FIG. 5 is a schematic plan view of an ink jet head according to an embodiment of the present general inventive concept. FIGS. 6 to 12 are cross-sectional views, taken along the line I-I′ of FIG. 5, illustrating a method of fabricating the ink jet head of FIG. 5 according to an embodiment of the present general inventive concept.

Referring to FIGS. 5 and 6, a substrate 300 is prepared. The substrate 300 may be a silicon substrate used in a process of fabricating a semiconductor device and having a thickness of about 500 micrometers (μm). Pressure-generating elements 302 to generate pressure to eject ink are formed on the substrate 300. The pressure-generating elements 302 may be heat-generating resistors made of a high resistance metal such as tantalum or tungsten, an alloy containing the high resistance metal such as tantalum-aluminum, or poly-silicon having impurity ions doped therein. In addition, pads 304 that are electrically connected to an inner circuit of the ink jet head along both longitudinal sides of the substrate 300 may be formed on the substrate 300. The pads 304 may also be formed along both short sides of the substrate 300 according to a design specification. Wires to transmit electrical signals to the pressure-generating elements 302 may be formed on the substrate 300. Additionally, the pads 304 may be formed during the same process as the wires. An insulating passivation layer 306 may be formed on the substrate 300 having the pressure-generating elements 302 and the pads 304 disposed thereon. The insulating passivation layer 306 may be formed of a silicon nitride layer by a plasma enhanced chemical vapor deposition (PECVD) method.

Referring to FIGS. 5 and 7, a seed layer pattern 308 is formed on the insulating passivation layer 306. More specifically, a seed layer is formed on the insulating passivation layer 306. The seed layer may be formed of a metal layer containing at least one metal selected from a group including copper (Cu), platinum (Pt), gold (Au), palladium (Pd), silver (Ag), and nickel (Ni). The seed layer may be formed by a physical vapor deposition (PVD) method or a chemical vapor deposition (CVD) method. The seed layer may then be patterned to form the seed layer pattern 308. The seed layer may be patterned by a conventional photolithography process and an anisotropic etching process. The seed layer pattern 308 may be formed to expose a region where an in ink flow path is to be formed. A metal chamber layer may then be formed on the seed layer pattern 308 by the following process.

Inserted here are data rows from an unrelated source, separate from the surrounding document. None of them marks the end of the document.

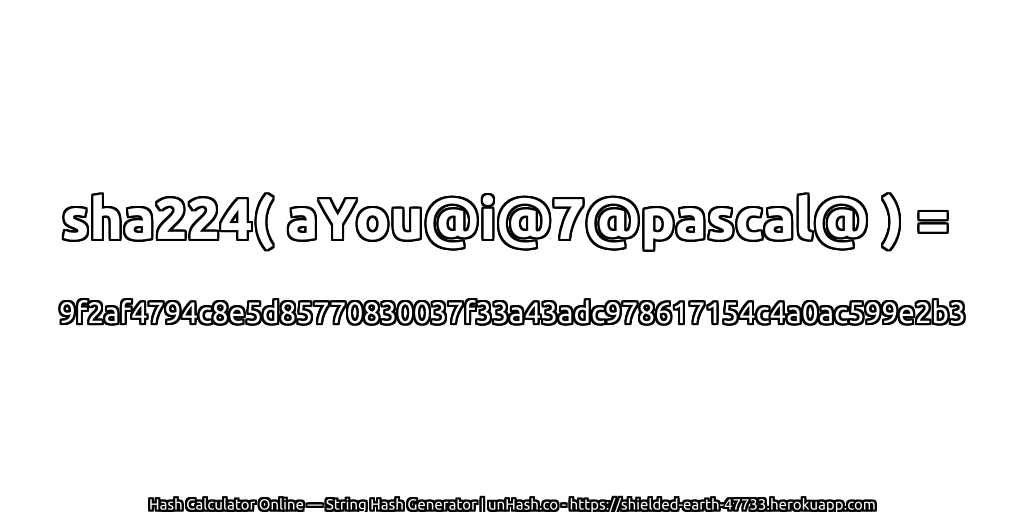 sha224( aYou@i@7@pascal@ ) = 9f2af4794c8e5d85770830037f33a43adc978617154c4a0ac599e2b3 | unHash.co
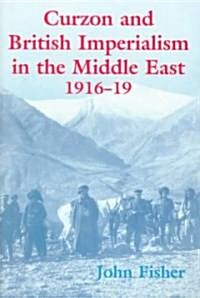 Curzon and British Imperialism in the Middle East, 1916-1919 (Paperback)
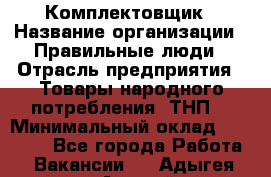 Комплектовщик › Название организации ­ Правильные люди › Отрасль предприятия ­ Товары народного потребления (ТНП) › Минимальный оклад ­ 30 000 - Все города Работа » Вакансии   . Адыгея респ.,Адыгейск г.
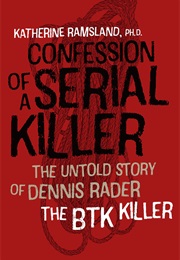 Confessions of a Serial Killer (Katherine Ramsland)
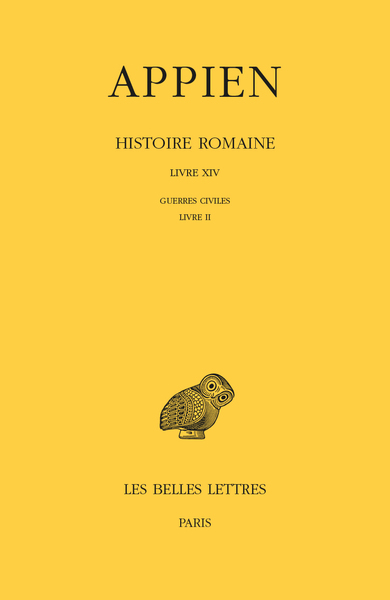 Histoire romaine. Tome IX, Livre XIV : Guerres civiles, Livre II (9782251006406-front-cover)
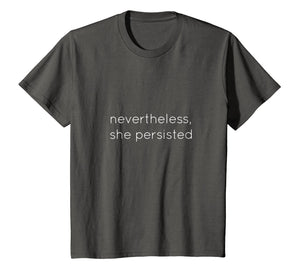 Nevertheless She Persisted - Motivational T Shirt for All
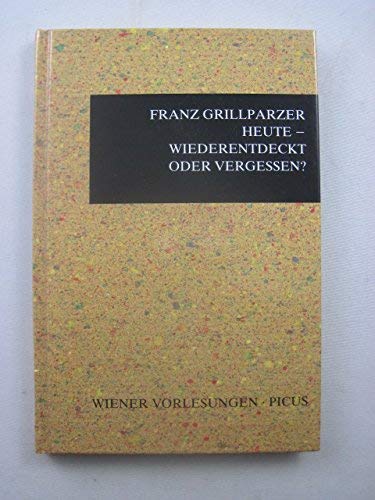 Grillparzer heute - Wiederentdeckt oder vergessen?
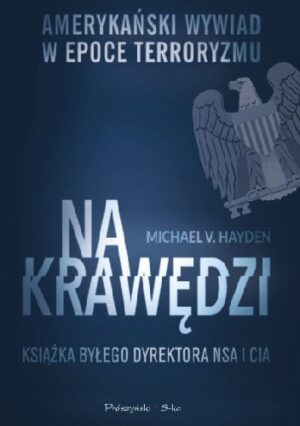 Na krawędzi. Amerykański wywiad w epoce terroryzmu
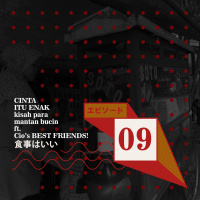 EPS. 9 - CINTA ITU ENAK . Kisah para mantan bucin kalo PUTUS . ft. CIOS BEST FRIENDS! @arthadianovita @savdinaru @dikisaiman1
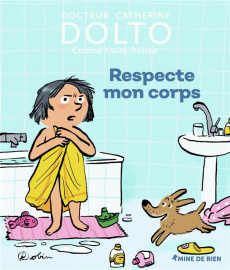 Respecte mon corps - Dolto-Tolitch Catherine ; Faure-Poirée Colline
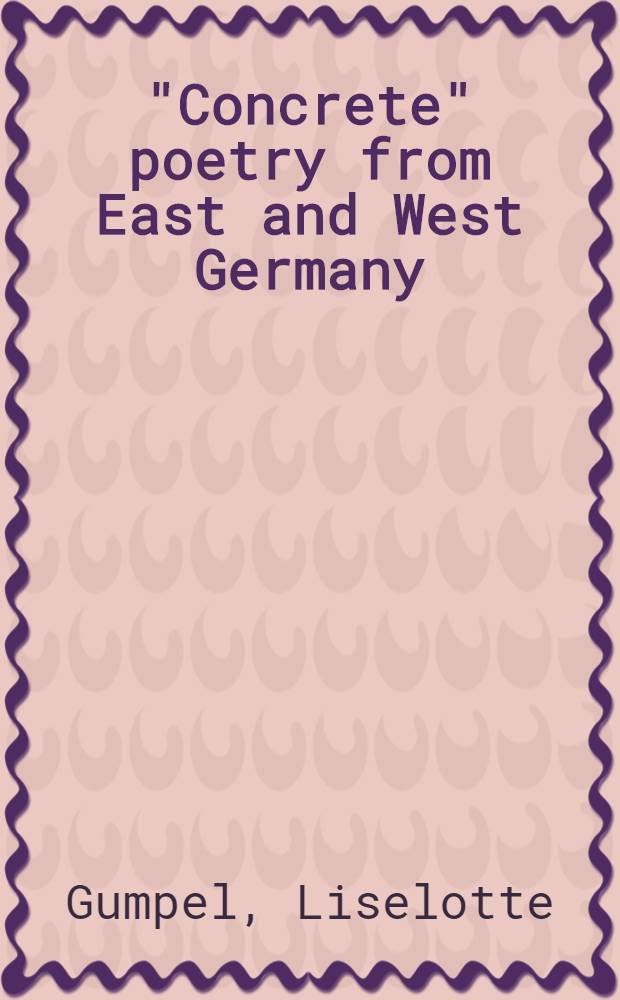 "Concrete" poetry from East and West Germany : The lang. of exemlarism a. experimentalism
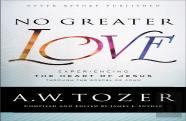 No Greater Love Â€“ Experiencing The Heart Of Jesus Through The Gospel Of John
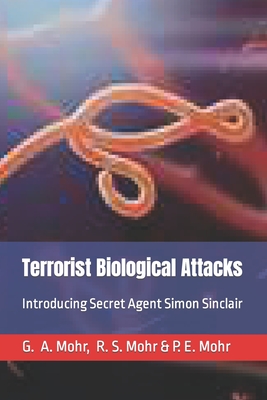 Terrorist Biological Attacks: Introducing Secret Agent Simon Sinclair - Mohr, R S, and Mohr, P E, and Mohr, G a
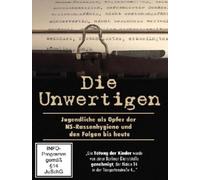Die Unwertigen-Jugendliche ALS Opfer der NS-Rassenhygiene und den Folgen BIS Heute [Import]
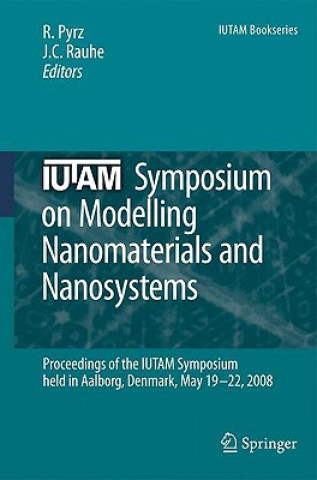 Könyv IUTAM Symposium on Modelling Nanomaterials and Nanosystems R. Pyrz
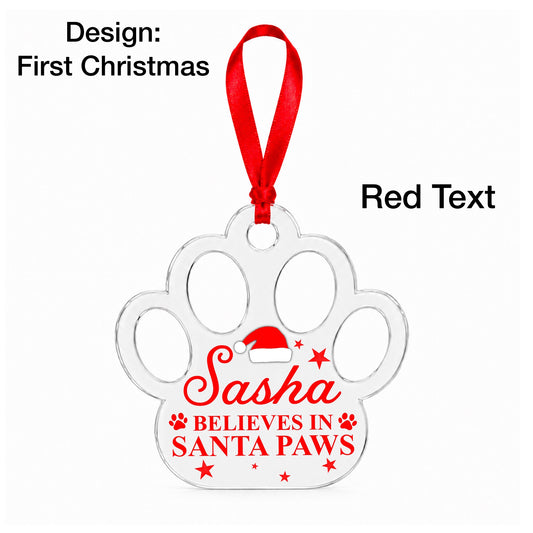 Personalised Pet Believes in Santa Paws Bauble, Personalised Paw Print Christmas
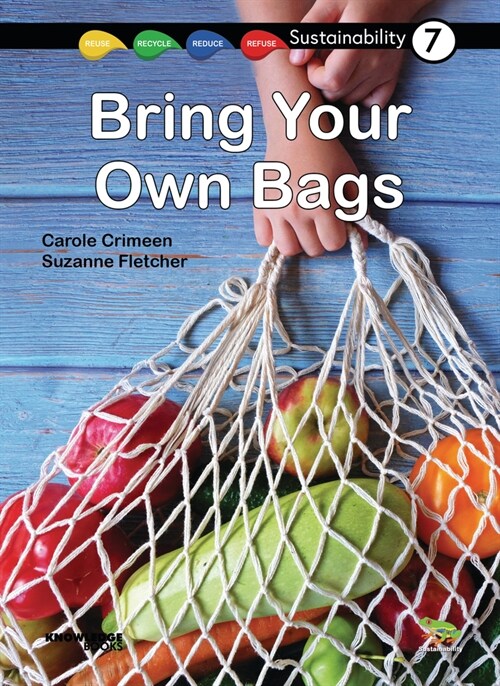 Bring Your Own Bags: Book 7 (Paperback)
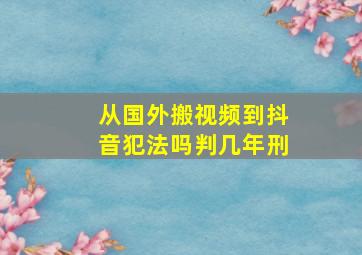 从国外搬视频到抖音犯法吗判几年刑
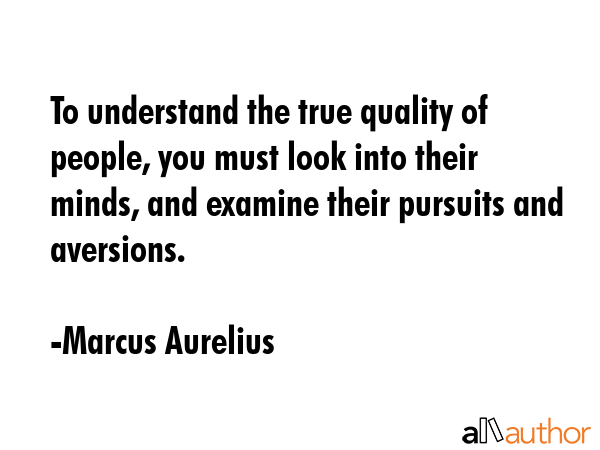 To understand the true quality of people, you must look into their minds, and examine their... - Marcus Aurelius Quote GIF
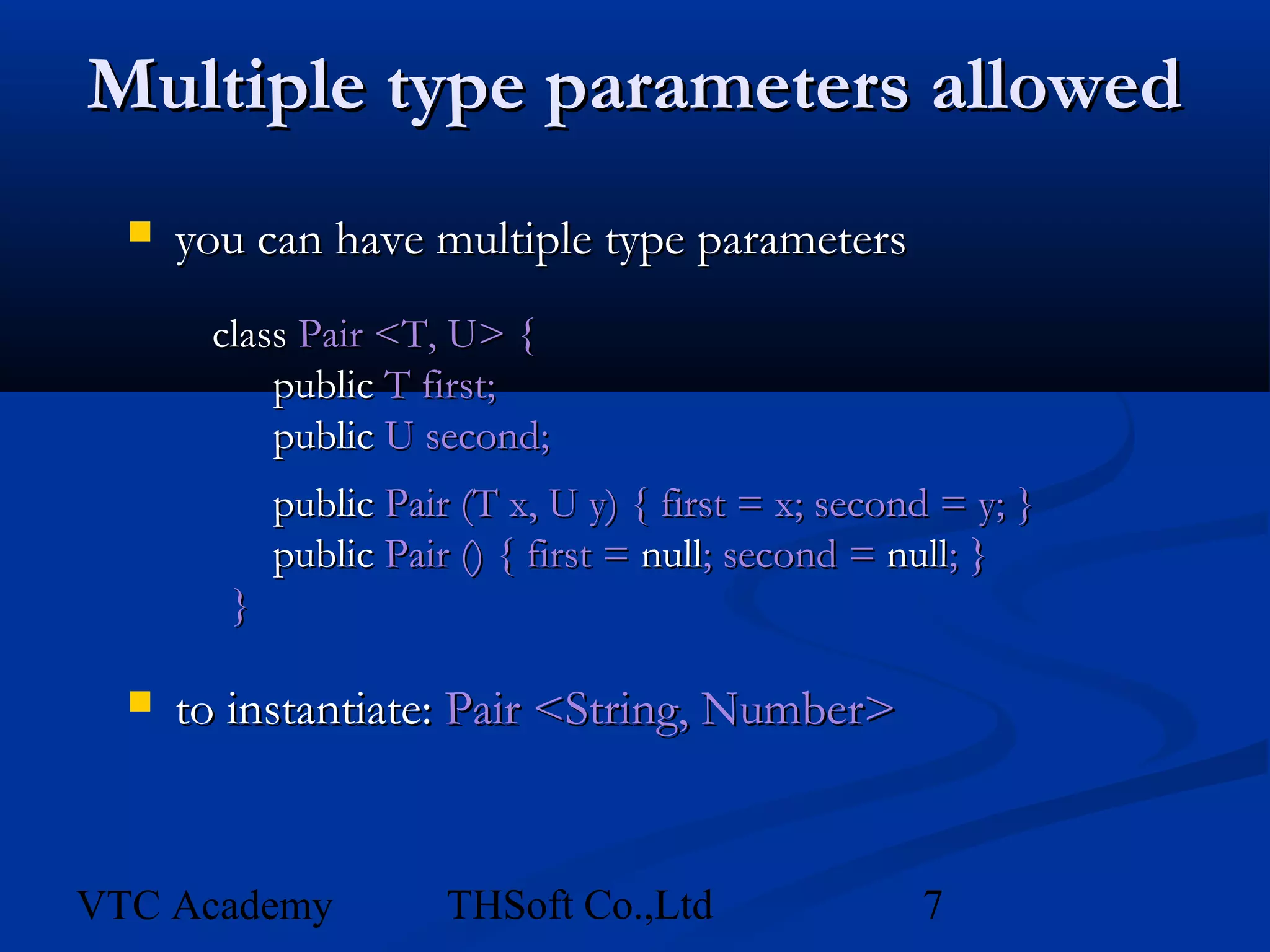 Multiple type parameters allowed
     you can have multiple type parameters
       class Pair <T, U> {
           public T first;
           public U second;
            public Pair (T x, U y) { first = x; second = y; }
            public Pair () { first = null; second = null; }
        }

     to instantiate: Pair <String, Number>


VTC Academy            THSoft Co.,Ltd                7
 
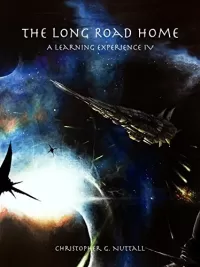 The Long Road Home (A Learning Experience #4)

Referring to FIGS. 5 and 8, a sacrificial material layer 310 is formed on an entire surface of the substrate 300 having the seed layer pattern 308 disposed thereon. The sacrificial material layer 310 may be formed of a positive photoresist by a spin coating method. The sacrificial material layer 310 may have a thickness larger than that of a metal chamber layer, which is to be formed by the following process.

Referring to FIGS. 5 and 9, the sacrificial material layer 310 is patterned to form a sacrificial material layer pattern 310′ to cover the region where the ink flow path is to be formed and to expose the seed layer pattern 308. More specifically, the sacrificial material layer 310 may be selectively exposed using a photo-mask having a shielding pattern to expose the seed layer pattern 308. The exposed portion of the sacrificial material layer 310 may then be developed to form the sacrificial material layer pattern 310′. Next, a metal chamber layer 312 is formed on the seed layer pattern 308. The metal chamber layer 312 may be formed by an electroplating method. Other methods may also be used to form the metal chamber layer 312. In this case, the metal chamber layer 312 may be formed of any metal. For example, the metal chamber layer 312 may be formed of a copper layer or a nickel layer. In this process, the seed layer pattern 308 functions as a conductive underlying layer, which is to be a path of electric current. The metal chamber layer 312 may have a thickness of about 1030 micrometers (μm) according to a desired height of the ink flow path. The sacrificial material layer pattern 310′ functions as a plating mold while forming the metal chamber layer 312. Therefore, the metal chamber layer 312 may be formed to have a stable shape in a space defined by the sacrificial material layer pattern 310′ (i.e., the plating mold).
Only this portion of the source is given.